As a graduate student, I spend most of the year buried in books, taking tests, writing papers, participating in group discussions, and listening attentively—or not so attentively—to lectures. In a word: I spend most of the year learning. And though I thoroughly enjoy school, and am thankful for all the time I get to spend in it, by the time summertime hits, I’m ready for a break. Most summers, I get the break I’m looking for. Key word: most.
This summer is not like most: at Reality, I’m still in school. And the unique thing is, while I normally desire a break from school, here at Reality I want no such thing. All I want to do is to continue learning.
So, what have I learned this summer? And to what teachers do I owe credit? Here are some highlights:
Standing on the pier, with the wind blowing in our faces, and the loud, but comforting rush of the water in our ears, Mike pointed to the lake and, as if pointing at a chalkboard, said: “Do you remember when God parted the sea? Look! Do you remember when Jesus walked on water? Look!” Thus from Mike, I learned that even a moment like standing on a pier in the middle of the afternoon is an invitation to see the story of Scripture come to life.
Of my many teachers at Daytime, and of all the lessons that I’ve learned, the times that stick out the most are the times when I made food.

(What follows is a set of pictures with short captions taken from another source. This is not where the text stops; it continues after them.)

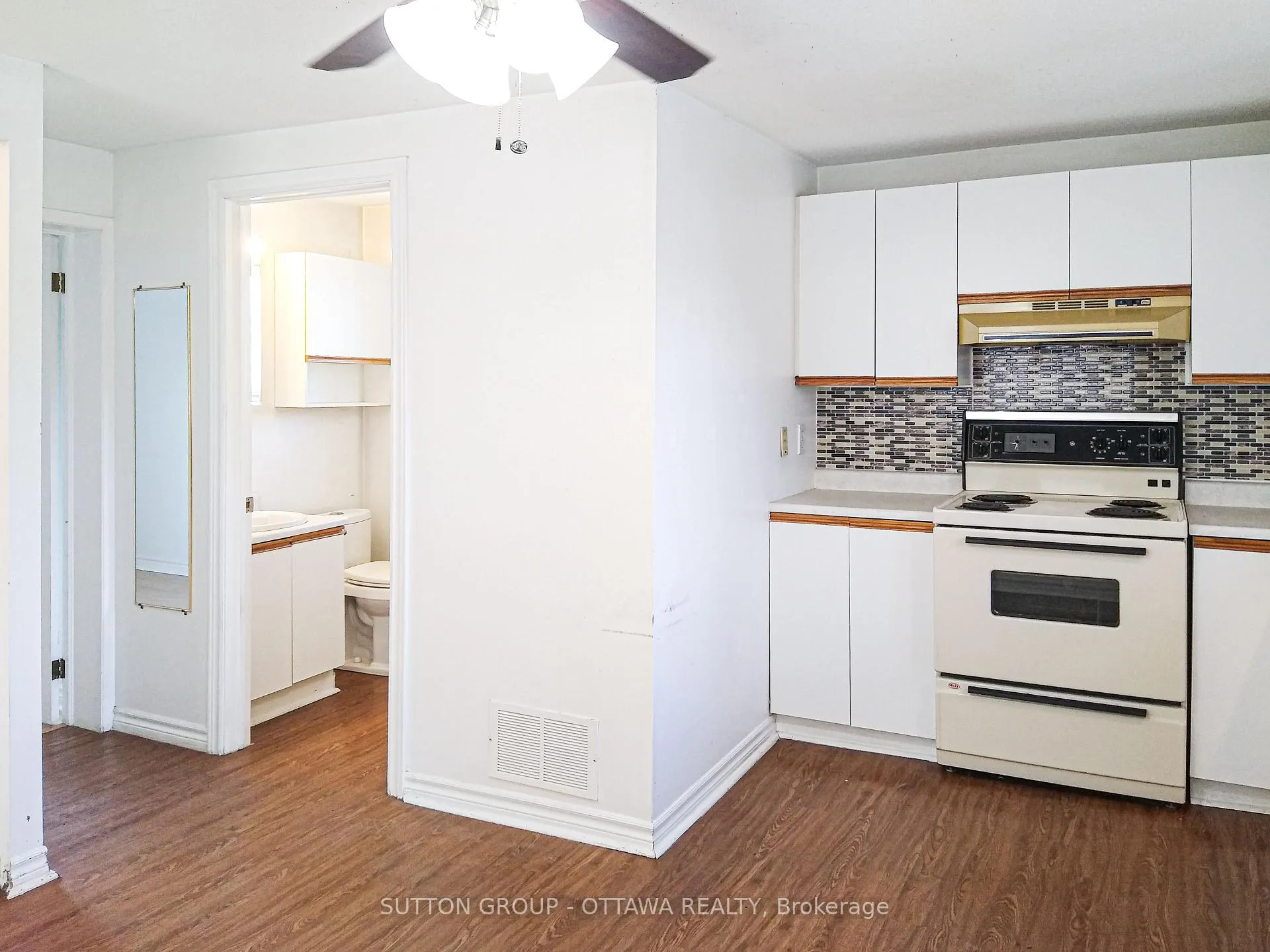 Photo 40 of 309 Cyr Avenue, Ottawa, Vanier — HOMEH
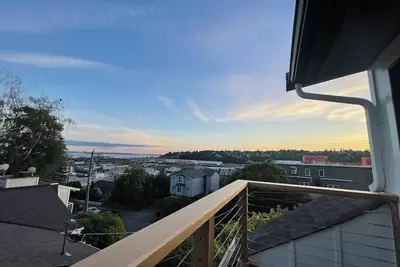Image de Scenic Elliott Bay/Sunset Views - Queen Anne Retreat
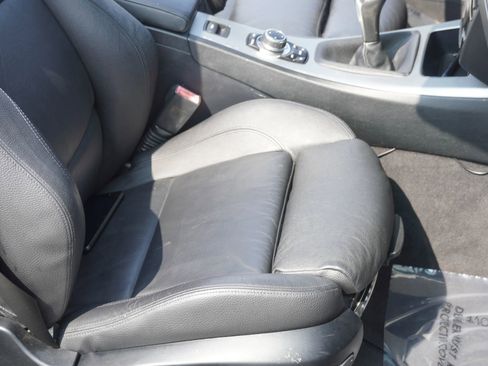 Used 2011 BMW 335i 335i Convertible 2D image 37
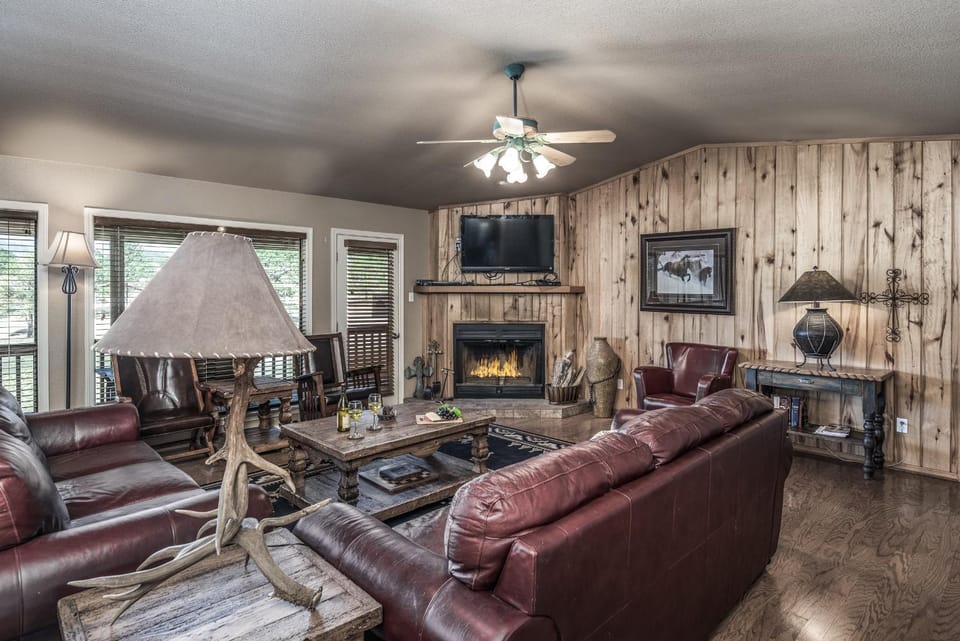 TV and multimedia, Living room, Seating area, fireplace, furniture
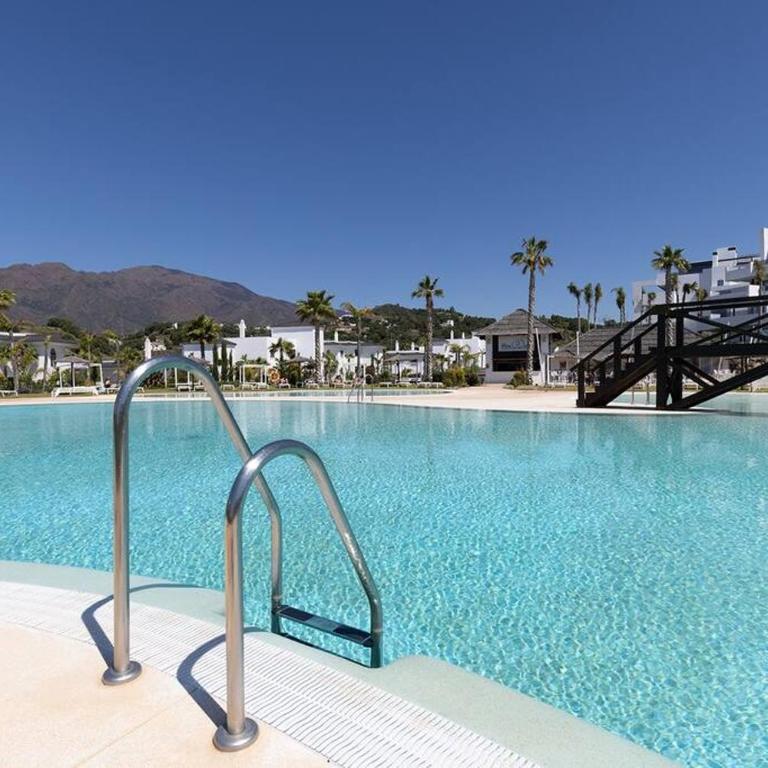 Ground floor 4 Bedroom Apartment @ Estepona Hills! - Apartment - 56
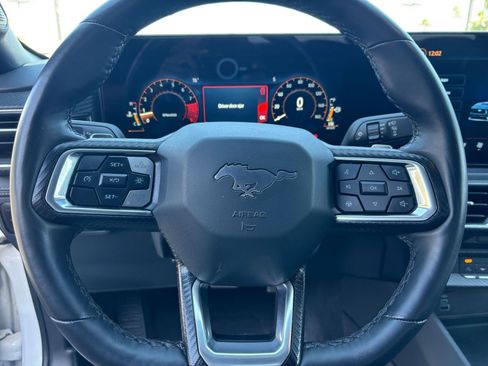 Used 2025 Ford Mustang GT Premium image 27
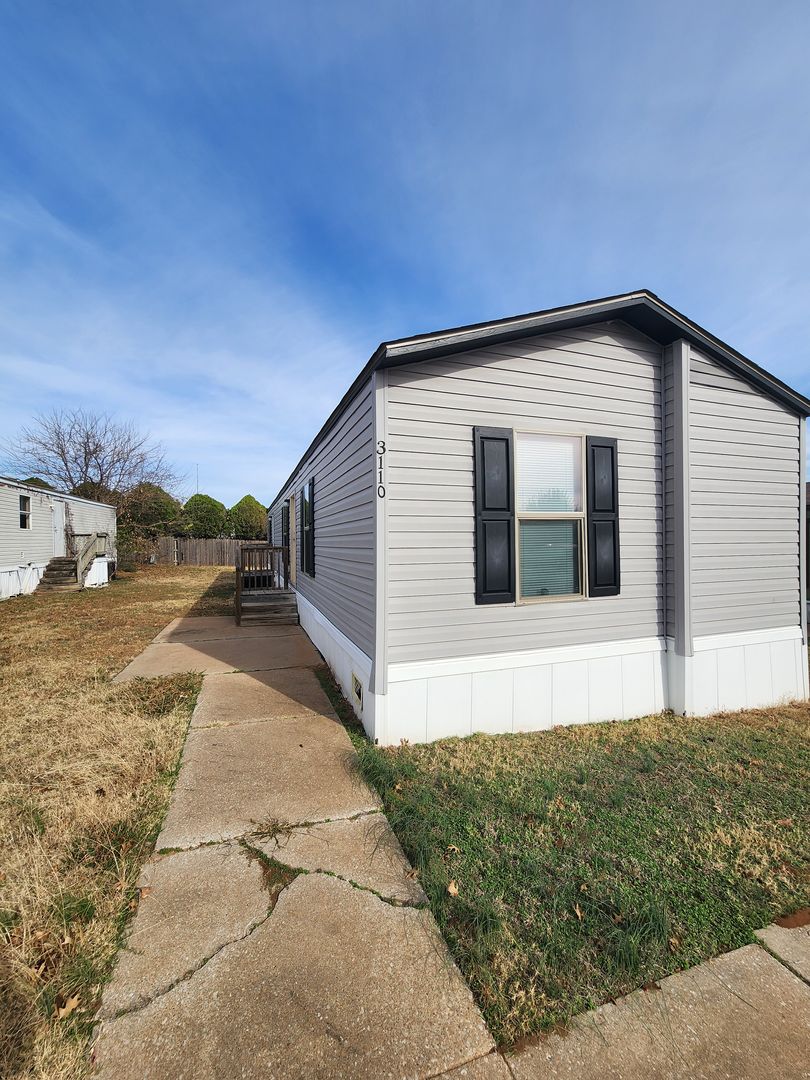 Stillwater Apartment: 800 S. Eastgate Lot#503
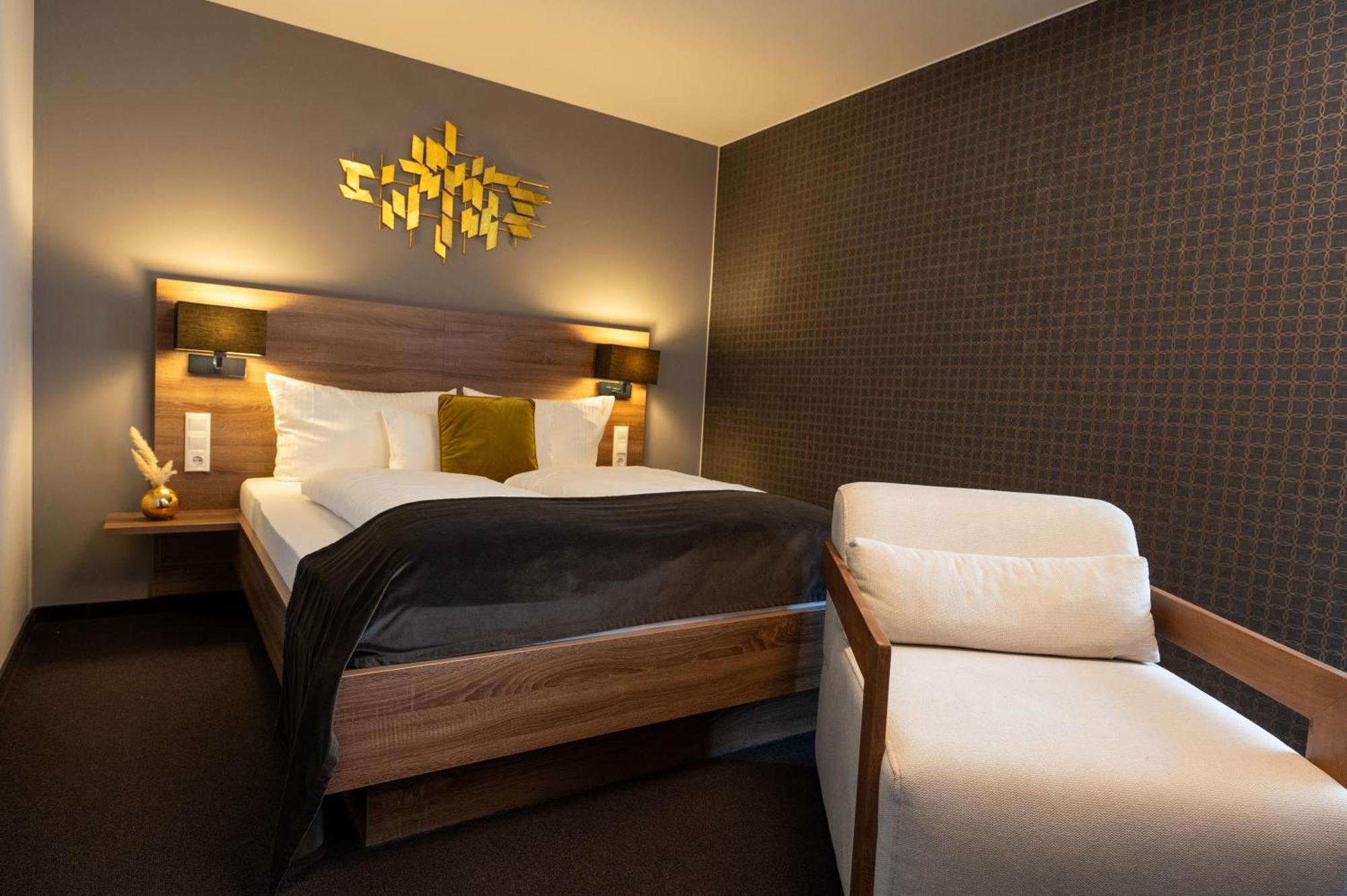 V Boutique Hotel Μπέμπλινγκεν Εξωτερικό φωτογραφία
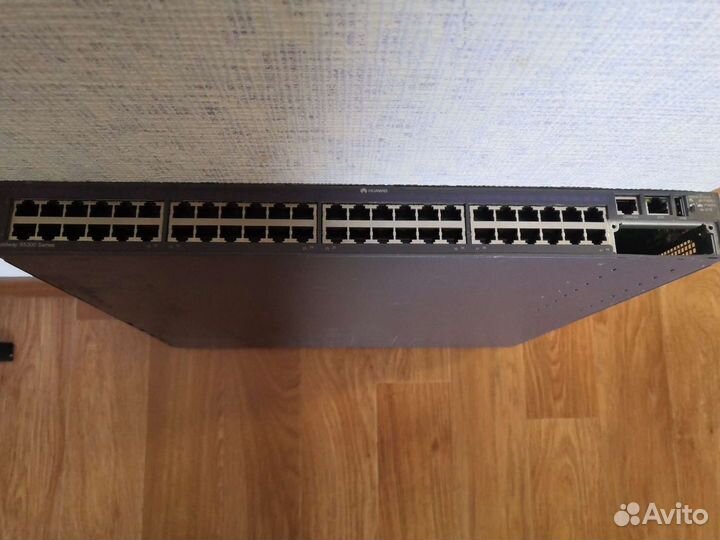 Коммутатор Huawei S5352C-EI, S5352C-SI с блоками п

When David taught me how to make the most delicious granola bars imaginable, and when Jasmine and Paige taught me how to make the largest funfetti cupcakes the Ronald McDonald house had ever seen—I’ll never forget those moments. Man, those desserts were tasty!
I am proud to say that during Summerfest, under the careful eye of a teacher named Christian, I officially learned how to dab. Watch out!
How do you recognize a basil plant? How do you distinguish a watermelon plant from that of a squash? If not for my teachers Bonnie, Tikelah, and Tony, aka the Green Thumbs, I would not know how to answer such questions.
The Sound, Daytime, Summerfest, Corner House—these words, and others like them, have defined my summer. I view them as the names of the subjects I’ve been encouraged to study while attending “summer school” at Reality. What all of these highlights show is, that while most students are out of school for the summer, I’m happily still in it. I’m happily still learning at Reality.